I talk about a woman we cannot interview or offer a coffee to. She was well educated, fashionably dressed, she could inherit her father’s wealth and played the same role as her partner in their society. I talk about her because, after all, she resembles us.
Gossiping was very popular also in the ancient age, especially if the topic were the habits of the Etruscan women. According to reliable sources, they were beautiful ladies with a passion for amusement and hedonism. It was in the first decades of 300 BC that the maledicentissimus Greek historian, Theopompus, tells of dissolute women who used to get drunk and show their bodies naked in front of men “without blushing”, as Livy reports with sentimental details.
They had an important role in society and were not locked up in the gynaeceum like their contemporaries in Greece nor did they fear the intrusive practice of the ius osculi the Latin uxores had to undergo to verify whether they were drunk or not. In this lost civilization, influenced by an erudite East World, there were women who could confer matronymics on their children, who took part in chariot races with their husbands and who were in charge of entire family clans: they were wives, mothers and grandmothers celebrated as lively and fertile creatures.
The beauty of our ancestors is perceptible in the green sinuosity of Etruria, in the vines that cover our landscape beloved all over the world. The Etruscan women tipsy echo is felt in the abundance of vines and in the wheat flooded by the summer sunshine.
If on one hand scholars consider the freedom of manners of Etruscan women unacceptable and sometimes overestimated, on the other we know they were emancipated figures. This makes us feel proud of our pre-Italic past. Their names and dedicatory formulas were engraved on feminine objects belonging to their trousseau, including the spools, witness of the art of weaving and processing natural fibres, such as wool and linen.

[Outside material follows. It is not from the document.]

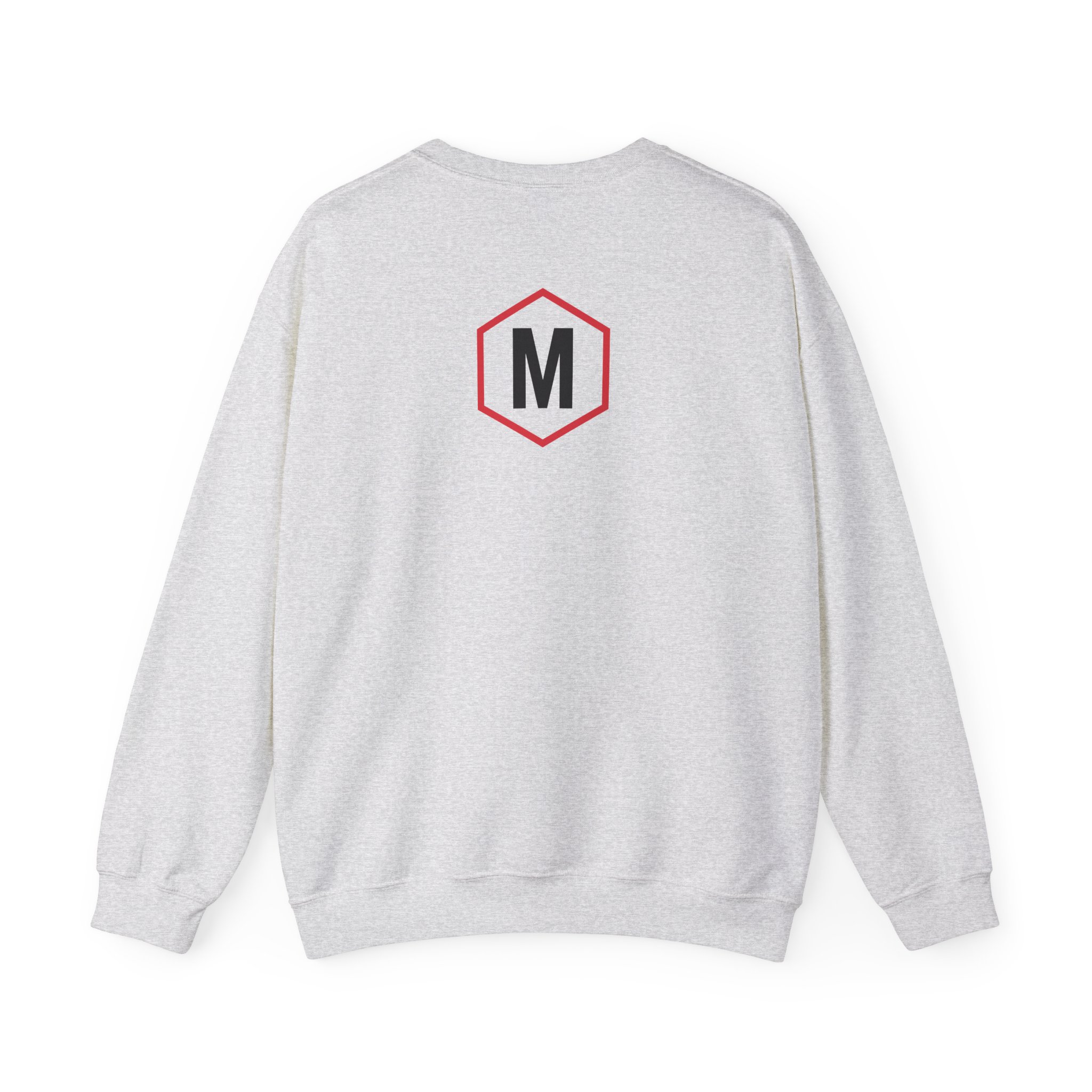 Morat Anna Seavey Unisex Heavy Blend™ Crewneck Sweatshirt - Image 6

In all likelihood, the saying according to which alongside a great man there is always a great woman was born to paraphrase Livy (I, 34.9), who narrates the story of the priestess Tanaquil. As Etruscans were used to do, she revealed a premonition to his husband Lucumone and encouraged him to leave their city and go to Rome. Once there, he succeeded in becoming king and changed his name into Tarquinius Priscus, the fifth king of Rome.
The divinatory power of Tanaquil makes her the embodiment of the sacredness of family and daily life. Among the archaeologists who study these women today there is who finds passion in “smelling history” and who has scientifically proven that the women of ancient Italy used to enhance their charm through the use of essences, contained in beautiful examples of alembics found in necropolar areas:
The archaic Etruscan tombs have returned dozens of aryballoi and proto-Corinthian and Corinthian alabasters. The affection for this type of product was such that this ceramic was marketed and distributed throughout the Mediterranean. This handcrafting activity achieved also best results in the production of unguents
says Paola di Silvio.
The question that arises is: what smell did the perfume trail of Etruscan women have? Flowers and simplicity, I dare to say. Among their favourite perfumes there was lily; we know, thanks Naturalis Historia by Pliny the Elder, that Corinth was renowned for this perfume. Theophrastus informs us that this scent was obtained through a five-year drying of the Iris rhizome, which was left to maceration at a low temperature in oil. Lily is a flower that grows abundantly in Tuscany and that is traditionally cultivated there: the stylized iris florentina is the symbol of Florence and the emblem of an ancient civilization, whose grace and power were also represented by the Marzocco, another icon of the Florentine power.
The portrait of the Etruscan woman is not only the narration of a fascinating universe, but a story of an elegant and casual woman, holder of the sacredness of the family clan and materialist in a refined way. This is a story enriched through the molecular analysis of a remote past and the archaeology of the evanescent.